No matter how well you've planned everything else, you can't control the weather. So why waste time worrying about it?
That was my motto when I was a bride and it served me well. At this time four years ago, I was about to get married, and I was facing some ugly weather conditions. I'd picked an August date for my outdoor ceremony because August is usually warm and dry in Michigan. But then Michigan proceeded to have the coldest summer on record since the 1930s. The week leading up to my wedding, it rained every day and the temperature stayed in the low 60s. My poor bridesmaids were set to wear strapless, knee length gowns in sweatshirt weather.
On the night before my wedding, someone asked me if I was worried about the rain, and I told them (honestly) that I wasn't. I figured the thing that would make my wedding day a failure or a success would be my attitude more than anything else. If I, the bride, was happy and calm, everyone else would be too. And if it really poured buckets and drenched us, everyone would remember how I smiled and laughed through it all.

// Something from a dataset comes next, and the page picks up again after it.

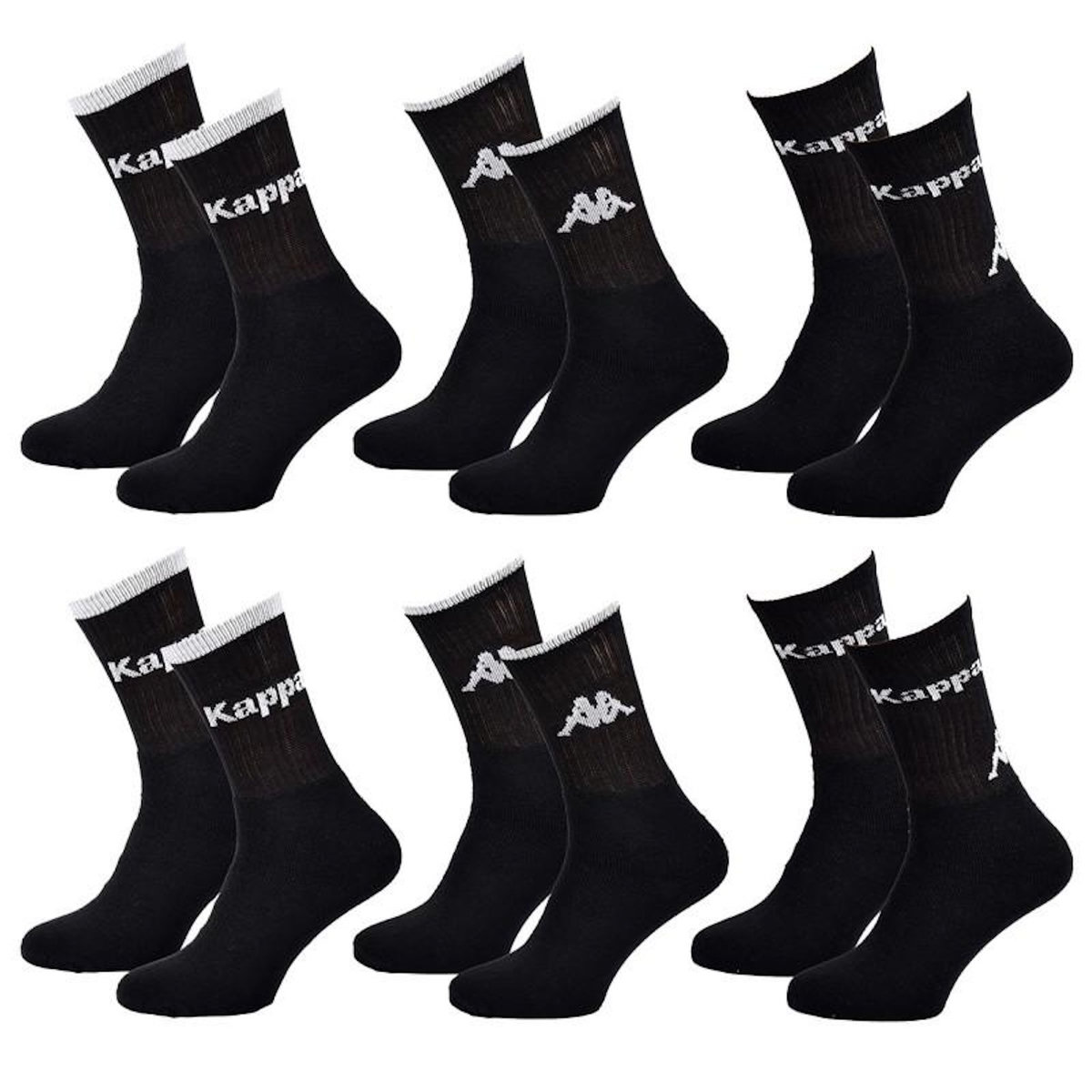 KAPPA Chaussettes Homme TENNIS KAPPA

At our rehearsal dinner, one of Griffin's friends got up and gave a beautiful toast. He knew some people were worried the rain might ruin our plans, but he had a different perspective. He'd grown up among the Maasai people in Africa. Their region is very dry, and they treasure every drop of water. When it rains, all the families and tribes gather together to celebrate. And if it rains on your wedding day, you are considered especially blessed. So, he said, we would be very blessed indeed to have rain on our wedding. This led to my dad getting up and talking about how there was a thunderstorm on his wedding day and his marriage was one of his greatest blessings. Pretty awesome huh?
Of course, we also had a backup plan. If it rained, we could have the ceremony in the tented reception area. It wasn't exactly what I wanted, but, again, it was out of my hands.

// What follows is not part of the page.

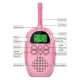 Walkie Talkie pentru copii Raza 3km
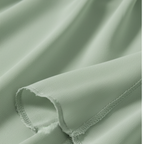Women's V-Neck Strappy Maxi Dress - A-Line Linen Blend Gown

On my wedding day, it did drizzle a bit in the morning. But about an hour before my ceremony, it warmed up, the clouds rolled back, and we even had a few rays of sunshine. After cocktails, the guests went into the tent for the reception, and then a gentle rain started.

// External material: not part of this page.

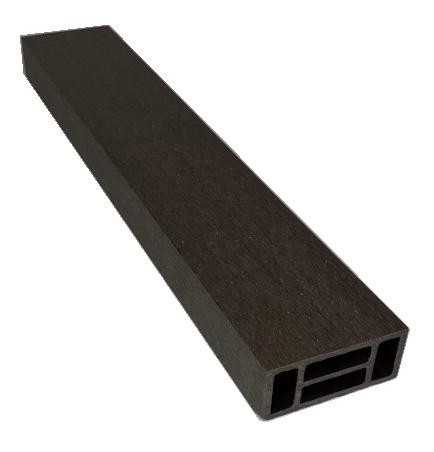 Лавочный брус Ecodecking Комфорт 40х90 венге купить в Нефтекамске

Since then, I've photographed quite a few weddings where rain was a factor--including one Hurricane Irene wedding. In every case, my motto held true--if the bride was happy, no one worried about rain.
Still, there are a few things you can do to be prepared. Most importantly: have a backup location for your outdoor events (ceremony, portraits, cocktail hour, etc.) Most venues have a location on site that they use in case of rain. Second, keep a few supplies on hand: extra shoes for the bride (maybe some awesome Hunter boots), ziploc bags to protect phones and other electronics inside purses and pockets, and cute matching umbrellas for the wedding party.
If you send someone out to buy umbrellas, keep in mind that white or clear ones are the best for photos. Colored umbrellas cast their hue onto the faces of the people below, and dark umbrellas block light and put faces in shadow.
I bring umbrellas to every wedding for the bride and groom to use in case of rain. I recently busted them out for Micah and Becky's post-ceremony portraits. There was a light drizzle, so we scrapped our planned location and moved to a vine-covered gazebo.
Aren't those lovely? And we never would have stopped at this location if it hadn't rained. So remember, stay calm, be flexible, keep some white or clear umbrellas nearby, and you'l have a great time on your wedding day no matter the weather.